The tradition of “tin” is still an essential part of Dan culture. Young people strive to make a name for themselves by lavishly spending at community feasts to demonstrate their wealth – hence to be described as a “Dan” refers to someone who dresses well, and who shows himself to be ahead of others in the categories of wealth or social prominence.

Ashanti, Ghana[4]

The Anansi tales are believed to have originated  from the Ashanti  tribe in Ghana. The word Anansi is Akan, and means simply spider.  An example of Anansi’s craftiness is given in the excerpt which sees him capturing a nest of hornets.

“To catch the hornets, Anansi filled a calabash with water and poured some over a banana leaf he held over his head and some over the nest, calling out that it was raining. He suggested the hornets get into the empty calabash, and when they obliged, he quickly sealed the opening.”

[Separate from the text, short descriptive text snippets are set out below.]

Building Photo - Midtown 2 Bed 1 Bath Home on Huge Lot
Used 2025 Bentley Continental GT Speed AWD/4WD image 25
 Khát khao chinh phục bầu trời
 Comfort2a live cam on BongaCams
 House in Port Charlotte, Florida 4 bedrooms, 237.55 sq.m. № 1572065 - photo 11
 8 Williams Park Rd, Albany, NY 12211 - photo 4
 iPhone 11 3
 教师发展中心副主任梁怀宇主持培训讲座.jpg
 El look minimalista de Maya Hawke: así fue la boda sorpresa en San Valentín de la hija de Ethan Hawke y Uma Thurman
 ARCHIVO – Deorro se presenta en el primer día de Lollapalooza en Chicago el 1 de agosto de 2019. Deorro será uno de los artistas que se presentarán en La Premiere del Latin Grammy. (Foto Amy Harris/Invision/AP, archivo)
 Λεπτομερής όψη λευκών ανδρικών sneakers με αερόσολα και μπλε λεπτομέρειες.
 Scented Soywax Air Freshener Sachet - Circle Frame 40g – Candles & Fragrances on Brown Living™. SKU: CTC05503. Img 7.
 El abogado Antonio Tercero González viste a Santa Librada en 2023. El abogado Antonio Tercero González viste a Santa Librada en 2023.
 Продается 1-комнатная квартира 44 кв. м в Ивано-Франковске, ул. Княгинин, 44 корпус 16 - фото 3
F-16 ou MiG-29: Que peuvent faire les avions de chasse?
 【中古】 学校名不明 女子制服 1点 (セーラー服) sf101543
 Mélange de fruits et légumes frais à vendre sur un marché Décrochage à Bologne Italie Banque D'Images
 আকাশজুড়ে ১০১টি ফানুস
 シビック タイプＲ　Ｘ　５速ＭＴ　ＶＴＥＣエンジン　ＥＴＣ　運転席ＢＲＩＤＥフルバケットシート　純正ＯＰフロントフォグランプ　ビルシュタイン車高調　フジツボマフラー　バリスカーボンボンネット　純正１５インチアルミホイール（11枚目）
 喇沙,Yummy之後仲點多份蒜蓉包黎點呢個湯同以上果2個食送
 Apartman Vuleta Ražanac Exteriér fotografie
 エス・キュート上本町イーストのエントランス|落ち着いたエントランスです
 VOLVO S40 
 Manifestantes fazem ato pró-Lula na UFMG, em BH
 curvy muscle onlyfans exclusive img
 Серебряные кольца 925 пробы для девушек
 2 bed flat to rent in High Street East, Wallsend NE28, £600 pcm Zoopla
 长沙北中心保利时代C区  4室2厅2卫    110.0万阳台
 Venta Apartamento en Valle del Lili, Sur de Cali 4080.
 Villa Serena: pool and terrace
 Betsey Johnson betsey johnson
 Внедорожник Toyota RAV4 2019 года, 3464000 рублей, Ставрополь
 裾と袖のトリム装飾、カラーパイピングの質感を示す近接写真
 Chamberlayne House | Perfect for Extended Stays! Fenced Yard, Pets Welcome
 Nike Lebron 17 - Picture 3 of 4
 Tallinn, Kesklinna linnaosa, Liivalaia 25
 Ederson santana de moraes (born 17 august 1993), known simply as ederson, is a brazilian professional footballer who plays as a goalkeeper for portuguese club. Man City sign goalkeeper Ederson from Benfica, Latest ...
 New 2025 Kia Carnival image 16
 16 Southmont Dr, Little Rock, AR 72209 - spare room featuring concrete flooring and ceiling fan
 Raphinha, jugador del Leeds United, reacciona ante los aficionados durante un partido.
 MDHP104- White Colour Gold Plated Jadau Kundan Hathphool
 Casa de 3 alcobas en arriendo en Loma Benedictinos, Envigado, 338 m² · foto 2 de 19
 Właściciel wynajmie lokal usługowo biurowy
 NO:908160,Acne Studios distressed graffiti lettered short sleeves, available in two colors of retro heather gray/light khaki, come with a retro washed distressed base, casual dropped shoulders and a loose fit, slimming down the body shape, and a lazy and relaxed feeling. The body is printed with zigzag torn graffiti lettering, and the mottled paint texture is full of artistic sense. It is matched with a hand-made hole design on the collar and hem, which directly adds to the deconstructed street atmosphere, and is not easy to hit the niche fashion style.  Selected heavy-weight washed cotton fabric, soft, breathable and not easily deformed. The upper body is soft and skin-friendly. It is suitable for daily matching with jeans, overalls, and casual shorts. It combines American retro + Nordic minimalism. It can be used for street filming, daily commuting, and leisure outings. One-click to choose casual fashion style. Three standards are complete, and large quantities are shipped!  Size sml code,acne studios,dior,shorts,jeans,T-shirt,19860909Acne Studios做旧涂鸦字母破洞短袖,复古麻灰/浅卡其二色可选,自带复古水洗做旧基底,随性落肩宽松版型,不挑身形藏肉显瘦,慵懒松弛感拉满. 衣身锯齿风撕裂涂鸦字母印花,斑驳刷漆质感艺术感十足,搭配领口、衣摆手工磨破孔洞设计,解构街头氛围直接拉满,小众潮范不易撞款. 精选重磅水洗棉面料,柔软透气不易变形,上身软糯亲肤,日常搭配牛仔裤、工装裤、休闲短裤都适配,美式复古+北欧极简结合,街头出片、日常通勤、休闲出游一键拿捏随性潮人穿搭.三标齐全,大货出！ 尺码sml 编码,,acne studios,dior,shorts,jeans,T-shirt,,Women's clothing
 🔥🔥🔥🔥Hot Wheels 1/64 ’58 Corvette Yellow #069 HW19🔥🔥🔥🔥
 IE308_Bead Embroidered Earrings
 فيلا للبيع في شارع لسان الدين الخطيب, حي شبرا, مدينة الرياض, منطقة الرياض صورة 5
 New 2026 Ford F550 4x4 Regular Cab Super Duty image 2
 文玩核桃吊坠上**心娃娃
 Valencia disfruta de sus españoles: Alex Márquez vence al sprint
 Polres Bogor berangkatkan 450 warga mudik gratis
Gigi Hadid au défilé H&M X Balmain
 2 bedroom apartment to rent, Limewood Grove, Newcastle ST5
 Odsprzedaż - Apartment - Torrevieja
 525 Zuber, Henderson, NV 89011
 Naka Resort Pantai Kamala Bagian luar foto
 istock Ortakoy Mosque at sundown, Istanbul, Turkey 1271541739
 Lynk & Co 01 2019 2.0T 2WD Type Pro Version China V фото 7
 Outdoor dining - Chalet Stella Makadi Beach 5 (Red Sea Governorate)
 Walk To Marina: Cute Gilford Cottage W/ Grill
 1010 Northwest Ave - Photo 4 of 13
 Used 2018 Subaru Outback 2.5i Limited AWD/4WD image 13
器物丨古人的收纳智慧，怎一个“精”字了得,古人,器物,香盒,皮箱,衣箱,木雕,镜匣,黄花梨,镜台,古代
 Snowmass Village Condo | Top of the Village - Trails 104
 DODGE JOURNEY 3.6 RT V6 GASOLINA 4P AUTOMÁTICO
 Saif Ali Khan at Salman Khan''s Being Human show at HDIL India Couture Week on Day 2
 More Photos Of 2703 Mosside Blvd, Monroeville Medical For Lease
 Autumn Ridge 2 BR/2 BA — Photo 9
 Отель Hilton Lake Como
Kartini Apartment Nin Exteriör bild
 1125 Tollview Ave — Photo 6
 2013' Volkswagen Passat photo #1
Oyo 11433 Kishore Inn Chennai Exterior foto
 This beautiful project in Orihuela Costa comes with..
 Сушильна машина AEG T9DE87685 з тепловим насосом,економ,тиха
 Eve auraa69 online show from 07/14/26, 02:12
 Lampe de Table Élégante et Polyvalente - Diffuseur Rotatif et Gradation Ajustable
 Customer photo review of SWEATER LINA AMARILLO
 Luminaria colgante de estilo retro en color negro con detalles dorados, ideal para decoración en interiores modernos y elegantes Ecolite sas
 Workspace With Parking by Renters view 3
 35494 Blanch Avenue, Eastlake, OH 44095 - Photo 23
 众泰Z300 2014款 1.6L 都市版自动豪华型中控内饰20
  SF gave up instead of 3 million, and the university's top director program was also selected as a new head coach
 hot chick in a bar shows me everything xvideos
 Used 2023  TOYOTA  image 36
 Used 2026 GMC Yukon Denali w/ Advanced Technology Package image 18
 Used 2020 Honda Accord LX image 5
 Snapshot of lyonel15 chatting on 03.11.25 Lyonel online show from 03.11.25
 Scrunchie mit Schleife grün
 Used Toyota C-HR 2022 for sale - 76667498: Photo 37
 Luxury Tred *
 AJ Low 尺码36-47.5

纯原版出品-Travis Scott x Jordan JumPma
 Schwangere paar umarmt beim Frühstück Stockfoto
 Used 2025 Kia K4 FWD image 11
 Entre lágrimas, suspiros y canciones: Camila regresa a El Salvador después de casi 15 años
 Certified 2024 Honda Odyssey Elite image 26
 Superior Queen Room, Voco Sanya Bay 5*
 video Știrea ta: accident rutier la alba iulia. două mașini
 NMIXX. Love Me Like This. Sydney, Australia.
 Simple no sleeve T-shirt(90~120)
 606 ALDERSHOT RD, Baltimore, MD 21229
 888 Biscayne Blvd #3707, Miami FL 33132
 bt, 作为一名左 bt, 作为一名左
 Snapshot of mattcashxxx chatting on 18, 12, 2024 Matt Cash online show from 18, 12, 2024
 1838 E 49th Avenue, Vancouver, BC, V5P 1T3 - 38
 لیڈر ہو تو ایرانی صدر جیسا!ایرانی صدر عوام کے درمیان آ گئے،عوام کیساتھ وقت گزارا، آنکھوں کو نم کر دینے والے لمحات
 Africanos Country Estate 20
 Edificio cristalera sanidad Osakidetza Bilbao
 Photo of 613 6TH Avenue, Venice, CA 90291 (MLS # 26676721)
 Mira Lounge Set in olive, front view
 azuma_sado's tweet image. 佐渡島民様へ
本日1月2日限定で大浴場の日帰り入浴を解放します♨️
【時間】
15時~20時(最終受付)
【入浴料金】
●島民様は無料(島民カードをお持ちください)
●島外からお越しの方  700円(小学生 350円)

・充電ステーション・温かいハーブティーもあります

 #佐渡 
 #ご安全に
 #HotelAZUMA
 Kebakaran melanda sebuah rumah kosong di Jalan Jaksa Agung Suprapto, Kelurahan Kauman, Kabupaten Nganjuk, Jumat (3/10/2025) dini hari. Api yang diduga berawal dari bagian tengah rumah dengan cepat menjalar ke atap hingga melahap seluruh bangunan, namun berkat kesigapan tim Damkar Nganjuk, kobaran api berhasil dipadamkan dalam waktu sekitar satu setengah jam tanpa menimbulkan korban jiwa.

Religious Beliefs – Yoruba Tribe,Nigeria [5]

With the trans Atlantic Slave Trade, the Yoruba religion was transplanted in various parts of the western hemisphere. Today it is practiced in a host of different forms. One of these is Vodoun, a mixture of Yoruba, Catholicism, and Freemasonry, in Haiti. It is known throughout South America, the Caribbean, and Central America as Santeria where it is practiced not only by Africans but also the descendants of indigenous peoples (misnomered Indians or Hispanic) that inhabit the region. Worship in the Yoruba religion is based upon the belief in a Supreme Being (Oldumare), the creator of Heaven (Orun) and Earth (Aye); the belief in a multitude of spiritual deities (Orisha); and the belief in ancestral spirits (Egungun).